When I think of design I think of two very different definitions. The first is as you describe, putting some basic aesthetics and usability on an otherwise "undesigned" page/app/etc. The other definition is how I worked on a team that spent over a week rebuilding buttons because the designer didn't like the way native buttons worked in browsers.

When someone complains about how superfluous "design" is, I always assume they mean the latter definition. But I could be wrong.

agreed. the opportunity for huge gains are only available when the starting point is really bad, so then the change is huge and thus obviously recognizable. when you're already operating at near the top of the game, differences are very small. but those small differences are what make the difference between really good and insanely great. and its worth striving for that.
The biggest problem is that after this initial, high value work is done the designers are still on the payroll and they still need to demonstrate their value/be doing something. That’s how you get un-necessary UI redesigns and, arguably, custom typefaces.

IMHO, designers just don’t know when to stop.

I think the same could be said of developers. Or, maybe in both cases, it's the companies that don't know when to stop.

As a developer, and maybe more relevant here, a user of software, it's kind of surprising how development efforts often continue well past the point of shipping something useful. Now, I'm not arguing that this applies to every software product, or that people should stop at the bare minimum like "welp, we shipped v1, let's pack it up everyone."

But this underlying belief that things must be continually improved is very pervasive in software and even moreso in open source. ("Last commit was 6 months ago? This project is obviously dead!")

I don't know that anything can or should be done to "fix" this, but it's an interesting observation. Think about it next time there's an "upgrade" that breaks something or changes a workflow you liked.
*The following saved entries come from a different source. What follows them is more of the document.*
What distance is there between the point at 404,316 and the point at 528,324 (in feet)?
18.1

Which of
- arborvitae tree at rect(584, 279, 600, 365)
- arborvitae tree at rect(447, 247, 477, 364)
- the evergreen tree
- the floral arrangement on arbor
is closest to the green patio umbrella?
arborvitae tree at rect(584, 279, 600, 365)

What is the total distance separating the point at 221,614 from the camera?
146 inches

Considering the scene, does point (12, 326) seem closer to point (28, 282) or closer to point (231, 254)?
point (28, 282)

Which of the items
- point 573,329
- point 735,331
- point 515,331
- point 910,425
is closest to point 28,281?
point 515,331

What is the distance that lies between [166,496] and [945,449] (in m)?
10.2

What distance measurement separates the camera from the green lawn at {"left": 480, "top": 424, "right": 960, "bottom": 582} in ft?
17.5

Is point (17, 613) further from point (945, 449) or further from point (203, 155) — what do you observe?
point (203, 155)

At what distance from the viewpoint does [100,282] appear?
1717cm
Why did that happen?

The difference is that developers can go on to build new features or even new products for the same company. Can they end up making things worse? Yes, but in such case I personally would blame short-sighted Product Managers chasing the new shiny.

Conversely, designers can not in isolation build a new product and thus are stuck (again, in my opinion) reinventing the wheel for what exists.
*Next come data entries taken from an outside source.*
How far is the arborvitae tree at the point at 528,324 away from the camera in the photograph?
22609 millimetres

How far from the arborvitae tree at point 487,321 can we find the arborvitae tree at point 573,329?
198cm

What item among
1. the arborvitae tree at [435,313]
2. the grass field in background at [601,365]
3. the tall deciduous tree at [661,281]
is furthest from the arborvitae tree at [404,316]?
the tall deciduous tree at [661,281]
And yes, I agree with you that there is a lot of change for its own sake and I wish it would stop regardless of the source. See the recent UI overhaul of gmail. It was enough to force me to use their basic HTML UI and now I’m looking for an alternative all together.

I don’t think your comment is fair mostly because the sysadmin-developer rarely gets to inject aesthetics into their work. When they do, it’s not targeted at end users it’s targeted at other developers.
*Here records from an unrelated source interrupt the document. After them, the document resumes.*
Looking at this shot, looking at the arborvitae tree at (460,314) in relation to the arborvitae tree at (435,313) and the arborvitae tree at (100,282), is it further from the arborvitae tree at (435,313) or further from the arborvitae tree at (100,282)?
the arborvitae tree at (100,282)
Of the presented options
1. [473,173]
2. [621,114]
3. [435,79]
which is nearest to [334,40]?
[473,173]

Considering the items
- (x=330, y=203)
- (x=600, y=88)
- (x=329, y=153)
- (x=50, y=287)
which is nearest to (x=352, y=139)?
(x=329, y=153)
However let me offer a counter anecdote: I love the BSD man pages. Do I think BSD is objectively better than other systems? That’s debatable. But I sure do appreciate the meticulous care with which the BSD manual is maintained. I don’t remember names off the top of my head but I always read the authors section of a BSD man page.

If you’re really seeking end user appreciation I’d suggest you try your hand in a relatively more creative context, like writing a user interface. The amount that people care matters enough that a program with fewer features, or that is less stable, or inferior on an “objective” technical level, but with a snazzier, more refined, UI will often be preferred to a technically superior one by users.

As a sysadmin and scripter/micro-framework-user: Assuming a UI's design doesn't get in the way of its function, an attractive UI is much more enjoyable to work with than an ugly one.
> Unfortunately, "subjective" is often used as a dirty word especially around here where some folks even claim to prefer html stripped of all styling.

Because so many other things designers come up with are less readable and less usable in general, even as they protest that their designs have manifold improvements over the previous status quo and that we're just too philistine to see them.

I appreciate good styling, I merely disagree that gray text on a gray background with 80% of the screen eaten up by margins qualifies as such.